The platform uses Redis for production-ready features:

Rate Limiting

  • API Rate Limiting: Prevents abuse with configurable rate limits per endpoint
  • Concurrency Control: Limits concurrent requests to prevent resource exhaustion
  • Distributed Locks: Ensures thread-safe operations across multiple instances

Caching

  • Response Caching: Caches frequent assessment results for improved performance
  • Session Management: Maintains user sessions and state across requests

Setup Redis

# Start Redis container (recommended for development)
make redis-up

# Or install Redis locally
# macOS: brew install redis
# Ubuntu: sudo apt install redis-server

# Verify Redis is running
redis-cli ping  # Should return PONG

Enable

Weave is initialized automatically when you run the CLI or demo if your environment has the standard variables set.
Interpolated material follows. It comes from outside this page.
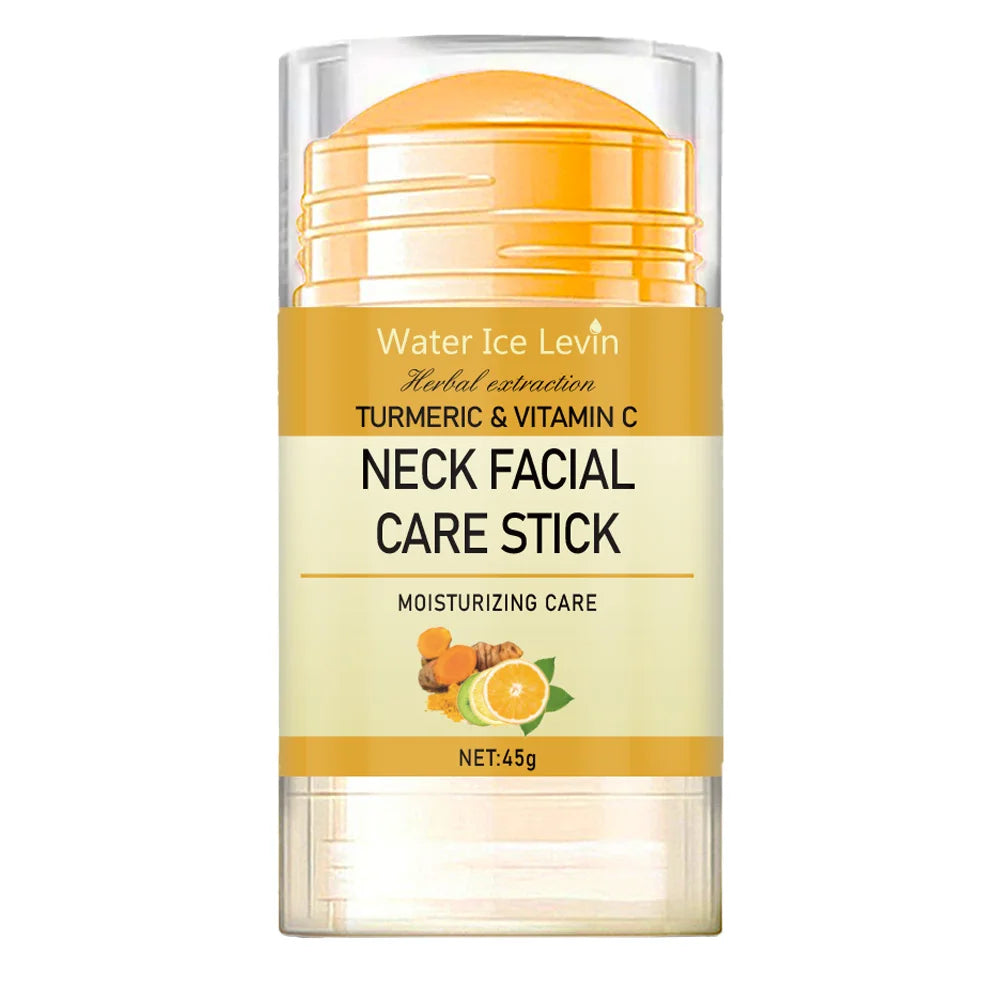 Turmeric&Vitamin C Neck Facia  Care Wrinkle Lines Lifting Whitening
The defaults work out‑of‑the‑box; cloud mode is used if WANDB_API_KEY is present, otherwise local mode.

# Required for LLM calls
export OPENAI_API_KEY=...

# Optional (cloud mode)
export WANDB_API_KEY=...                 # enables hosted dashboards
export WEAVE_PROJECT=utiplayground  # default used if unset

# Run any workflow – links will be printed to the console
uv run python -m src.cli --sample "Sarah Smith" --non-interactive --write-report

What you’ll see

  • Parent op: cli_patient_assessment (the whole CLI invocation)
  • Child ops (agent/tool stages):
    • uti_complete_patient_assessment
    • clinical_reasoning
    • safety_validation
    • web_research
    • deep_research_diagnosis

Each node includes inputs/outputs, timing, errors (if any), and linkage back to the final report in uti-cli/reports/.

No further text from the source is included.